Almost two-thirds (66%) of UK workers claim tiredness negatively impacts on productivity at work, research has revealed.

The study of 1,123 workers by Willis Towers Watson (WTW) also found that more than a third (36%) of workers are struggling to get a good night’s sleep because of their job.

Of the respondents who struggled to nod off, more than half cited difficulty in winding down after a stressful day at the office as the main reason for sleeplessness (55%), followed by job worries (45%), early starts (41%) and late-night working (35%).

The research closely follows the launch of the world’s largest sleep study, which made headlines last month after a recruitment drive for 100,000 volunteers.

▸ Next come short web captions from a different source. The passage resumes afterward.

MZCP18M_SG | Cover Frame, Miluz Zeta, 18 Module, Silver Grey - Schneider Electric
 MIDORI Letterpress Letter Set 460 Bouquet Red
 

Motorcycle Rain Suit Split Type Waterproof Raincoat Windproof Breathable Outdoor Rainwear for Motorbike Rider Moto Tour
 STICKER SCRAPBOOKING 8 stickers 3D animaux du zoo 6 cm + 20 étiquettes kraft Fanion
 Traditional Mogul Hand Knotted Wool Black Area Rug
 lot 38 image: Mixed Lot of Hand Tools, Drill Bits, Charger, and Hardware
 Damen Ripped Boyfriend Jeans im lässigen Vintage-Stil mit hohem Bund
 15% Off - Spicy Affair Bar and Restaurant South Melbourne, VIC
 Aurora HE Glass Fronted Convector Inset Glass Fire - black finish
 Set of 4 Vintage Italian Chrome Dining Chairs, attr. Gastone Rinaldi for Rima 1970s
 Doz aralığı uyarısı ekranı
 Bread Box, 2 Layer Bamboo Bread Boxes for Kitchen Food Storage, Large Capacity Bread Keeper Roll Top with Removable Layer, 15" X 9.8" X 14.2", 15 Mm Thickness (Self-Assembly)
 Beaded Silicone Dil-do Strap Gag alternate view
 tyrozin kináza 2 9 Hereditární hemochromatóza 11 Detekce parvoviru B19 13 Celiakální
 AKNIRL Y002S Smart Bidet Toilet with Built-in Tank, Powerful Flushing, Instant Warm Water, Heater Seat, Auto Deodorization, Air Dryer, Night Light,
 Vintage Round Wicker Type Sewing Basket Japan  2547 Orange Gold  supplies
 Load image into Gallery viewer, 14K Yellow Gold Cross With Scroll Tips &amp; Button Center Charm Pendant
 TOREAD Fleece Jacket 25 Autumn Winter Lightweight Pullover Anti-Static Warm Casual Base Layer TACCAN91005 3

Scientists in Western University, Ontario, hope the study will help them to gain a better understanding of the effects of sleep deprivation on brain function.

Speaking about the new research, Mike Blake, a director at Willis Towers Watson Health & Benefits, said: “The work environment is no longer confined to the office, with the stress of heavy workloads creeping into home life.

“Whilst companies may benefit from a perceived ‘increase’ in productivity in the short-term, ongoing stress, coupled with lack of sleep, can risk having an overall negative impact on operational performance.

“And the launch of the worldwide sleep study is a clear indicator that fatigue will become a more prevalent and serious workplace issue that employers can ill afford to ignore.”

Despite 65% of workers saying tiredness has become a bigger workplace problem over the past five years, WTW’s research revealed that just 17% of employers proactively educate their employees on the effect of sleep on general wellbeing.

Blake said employee-focused health and wellbeing programmes can help companies address the growing issue of fatigue at work.

“Employers who become more attuned to the needs of their workers outside the office are more likely to retain a happy and healthy employee base,” he added.

“Companies should aim to identify and tackle potential issues before they become a problem.  Open dialogue is key to establishing a positive workplace culture that addresses and mitigates stress and fatigue.

This will allow managers to identify dips in productivity and tackle the root causes before more serious issues arise, such as absenteeism and presenteeism.

“By placing an emphasis on the importance of sufficient sleep, workers will also feel more comfortable approaching managers about fatigue and solutions can be found, such as meditative practices, review of workloads or flexible working hours.